Inquiry-based learning has its roots in constructivism where the main ideology is that individuals must actively construct their knowledge ideally using a collaborative approach. Echoing constructivist theories, the National Minimum Curriculum considers learning as an active process and proposes student-centred inquiry-based approaches. This course aims to encourage teachers to use inquiry-based learning to help students become better learners by developing their critical thinking skills and preparing them to become life-long learners. 

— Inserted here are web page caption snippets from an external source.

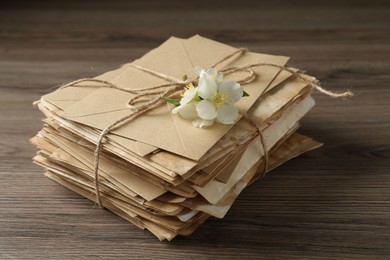 Photo of Stack of love letters and flowers on wooden table, closeup
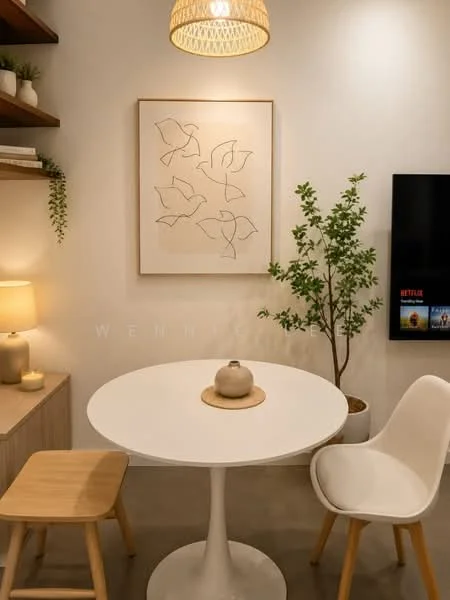 Dining features: round white dining table, white plastic dining chairs, wooden stool, pendant light fixture, framed abstract artwork on wall, decorative plant, wall-mounted TV, shelf with books and decor, soft ambient lighting from lamp, concrete flooring; style: modern.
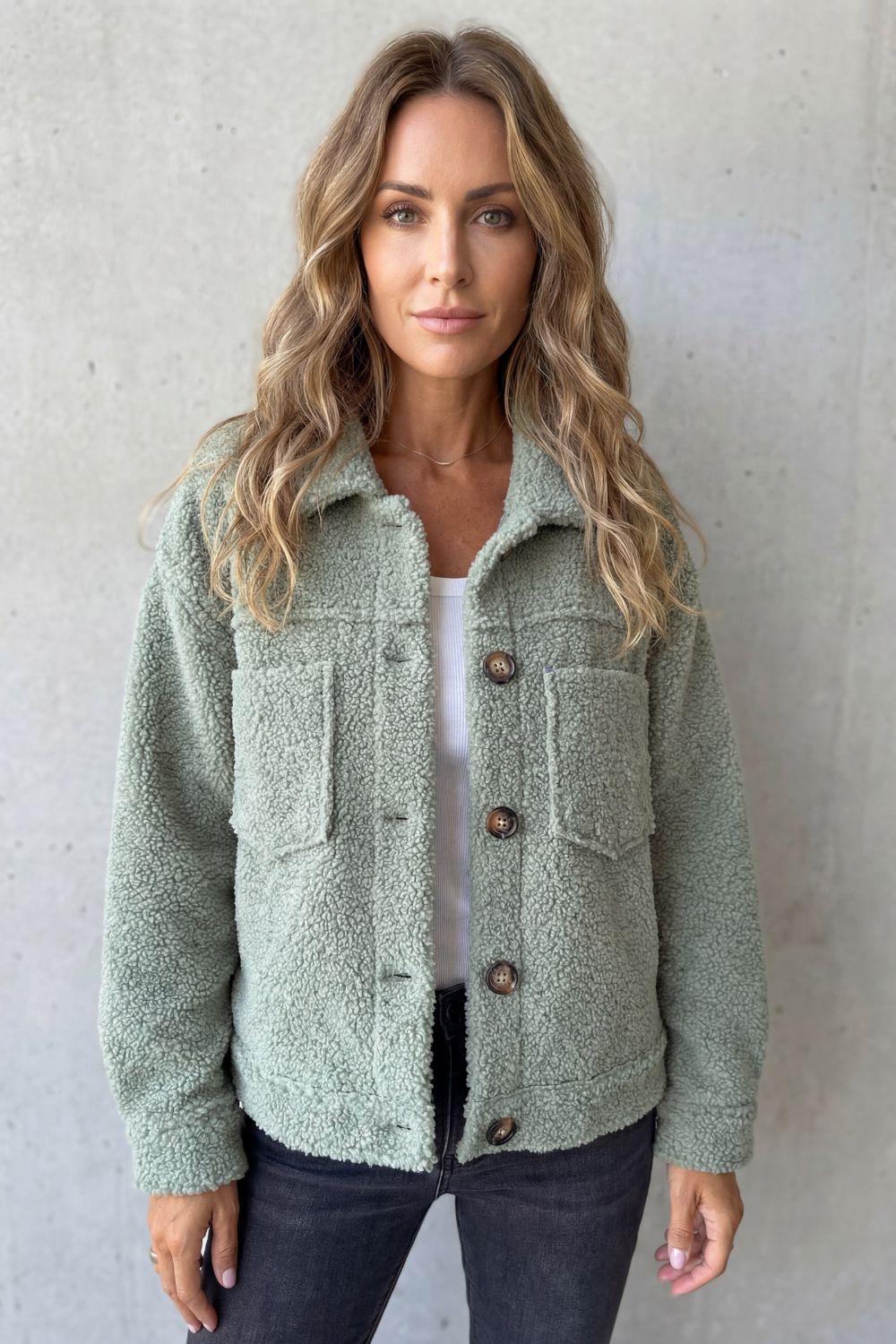 Close-up of women's textured button-up jacket, showcasing stylish buttons & cozy fabric.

It also aims to illustrate ways in which teachers can engage students who do not function well in a more traditional learning environment since inquiry-based learning can be adapted for all age groups and validates the knowledge and experiences of students, including those from disadvantaged groups.

Entry Requirements

Applicants interested in following this programme are to be in possession of one of the minimum eligibility criteria:

1. A Bachelor of Education (MQF 6 with a minimum of 180 ECTS);

2. A Bachelor’s degree (MQF 6 with a minimum of 180 ECTS) in addition to a teaching qualification at MQF Level 6 or higher.  

Overall Objectives and Outcomes

By the end of this module, the learner will be able to:


a) Collaborate with other educators to enable personalised professional development;
b) Carry out tasks which are subject-related and based on curriculum content but which have an inquiry component;
c) Be responsible for managing classroom interaction and supporting collaborative work;
d) Guide students to plan investigations in which students can experiment, interpret, evaluate and communicate results.


a) Identifying learning situations which can be used as a key to solving problems in science, mathematics and other STEM-related subjects on a global level;
b) Describing the multiple formats (fieldwork, case studies, investigations, individual and group projects) in which inquiry-based learning can be implemented;
c) Matching his or her student’s aptitudes, interests and abilities to the learning activity presented using scaffolding to teach a diverse group of students with diverse learning needs within the same learning activity.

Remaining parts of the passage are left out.